In accordance with an embodiment of the present invention, the edge orchestrator platform (100) acts as a local orchestrator to the plurality of edge nodes (200) and connects with the global service orchestrator (1102a), so as to provide dynamic edge slicing, allocation of resources to last mile connectivity network, switching of network and other edge services to the end users in an efficient manner.

In an example, high bandwidth requirement applications such as Augmented Reality (AR), Virtual Reality (VR) or vehicle to vehicle (V2V) communication that are required to be processed with ultra-low latency may benefit a lot using the proposed edge orchestrator platform (100), as all the intelligence and required application data for facilitating services (e.g., resource allocation, switching of networks) are pushed at the local edge nodes (200), by the GSO (1102a).

In accordance with an embodiment of the present invention, the edge orchestrator platform (100), the multi access controller (110) is connected with multiple network controllers (300) and the plurality of edge nodes (200) to enable switching of connection between different networks. In particular, the edge orchestrator platform (100) supports a large number of edge clouds and manages the network edge, the on-premise edge, and an enterprise edge in a consistent manner. Moreover, the edge orchestrator platform (100) supports various types of applications and services that are required to be supported in a cloud native architecture. Further, the edge orchestrator platform (100) manages dynamic configuration of various edge nodes, creates dynamic network slices, and provides live migration support. Subsequently, in the edge orchestrator platform (100), the applications at the edges can sit in multiple cloud infrastructure, for example, Amazon Web Service (AWS)®, Azure®, On-premises software, a Google Cloud Platform (GCP)®, and Telco Cloud® etc.

The edge orchestrator platform (100) may support modular architecture, highly programmable via network APIs and policy management. The proposed edge orchestrator platform (100) may support real time processing and communication between distributed endpoints and creates the need for efficient processing at the network edge. The proposed edge orchestrator platform (100) may be implemented in augmented and virtual reality system, autonomous cars, drones, IOT with smart cities.

In accordance with an embodiment of the present invention, the edge orchestrator platform (100) may support high degrees of automation and may be able to adapt and perform as traffic volume and characteristics change. The edge orchestrator platform (100) may increase the value by reducing cycle times, delivering security/performance/reliability and cost performance.

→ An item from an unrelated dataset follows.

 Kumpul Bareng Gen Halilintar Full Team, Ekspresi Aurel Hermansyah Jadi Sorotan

The edge orchestrator platform (100) may provision infrastructure required to set up day 0 environment. The edge orchestrator platform (100) may be operated with K8 Clusters to deploy workloads, registers the Kubernetes cluster along with credentials. In the edge orchestrator platform (100), as workloads be placed across different edge nodes, networks supporting the same may also be created and terminated dynamically. As the edge orchestrator platform (100) may support multiple application providers, the edge orchestrator platform (100) may be required to support multi-tenant environment to keep data and operations separate. The edge orchestrator platform (100) may help in creating composite applications and associating multiple applications. The composite application may be instantiated for different purposes and this to be supported through profiles. The edge orchestrator platform (100) may select right locations to place a constituent application for the composite application. In order to create additional resources to be deployed, the edge orchestrator platform (100) may modify the resources created so far and delete existing resources. With a deployment intent support, the edge orchestrator platform (100) may be able instantiate and terminate the application and also may be able to make upgrades to run the composite application. The edge orchestrator platform (100) may collect various metrics of each service and may provide a way for training and inference to do closed loop automations.

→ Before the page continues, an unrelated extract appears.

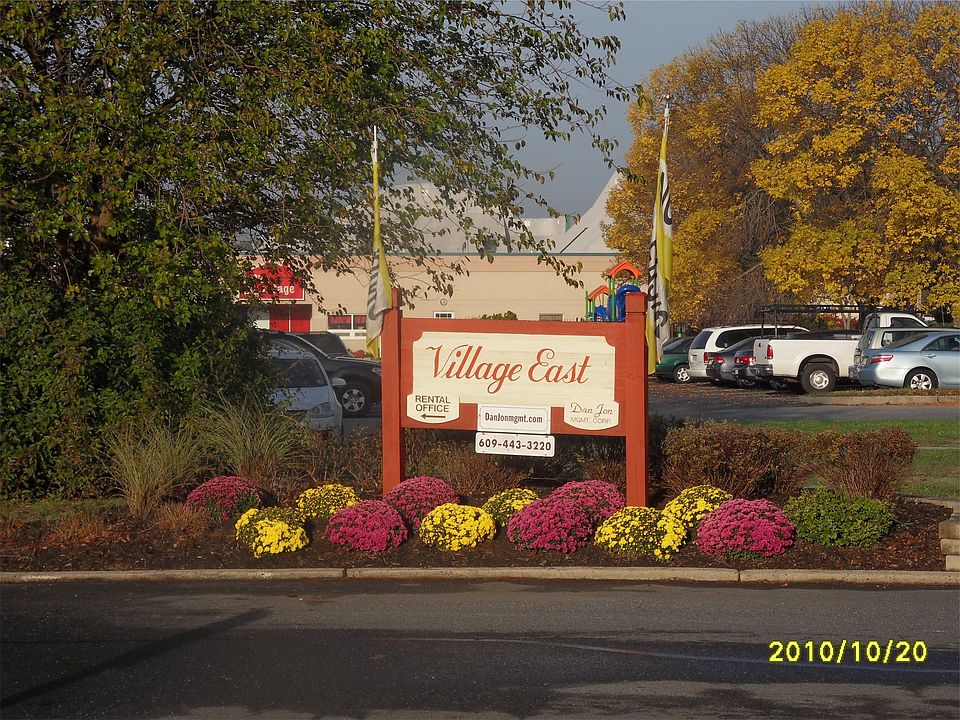 2nd image of 661 Abbington Dr APT F2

In accordance with an embodiment of the present invention, the edge orchestrator platform (100) may use a smaller number of resources. The edge orchestrator platform (100) may be operated under cloud native microservices principles. The edge orchestrator platform (100) may use Helm Based Kubernetes deployments. The Helm Based Kubernetes Deployment is used to tell Kubernetes how to create or modify instances of the pods that hold a containerized application. The deployments can scale the number of replica pods, enable rollout of updated code in a controlled manner, or roll back to an earlier deployment version if necessary. In the edge orchestrator platform (1000), Cloud Native Computing Foundation (CNCF) projects are used for logging, tracing and metric monitoring and a stateless design used for a distributed lock.

In accordance with an embodiment of the present invention, the edge orchestrator platform (100) may be able to address a large number of edge clouds, switches at edges, and support various edge controller technologies. The edge orchestrator platform (100) may support infrastructure verifications and secure secrets/keys. The edge orchestrator platform (100) has very low latency, high performance, performance determinism, data reduction, and lesser utilization of resources. The edge orchestrator platform (100) is easy to upgrade and provide quick bring up of the edge clouds. The edge orchestrator platform (100) provides better traffic redirection and contextual information.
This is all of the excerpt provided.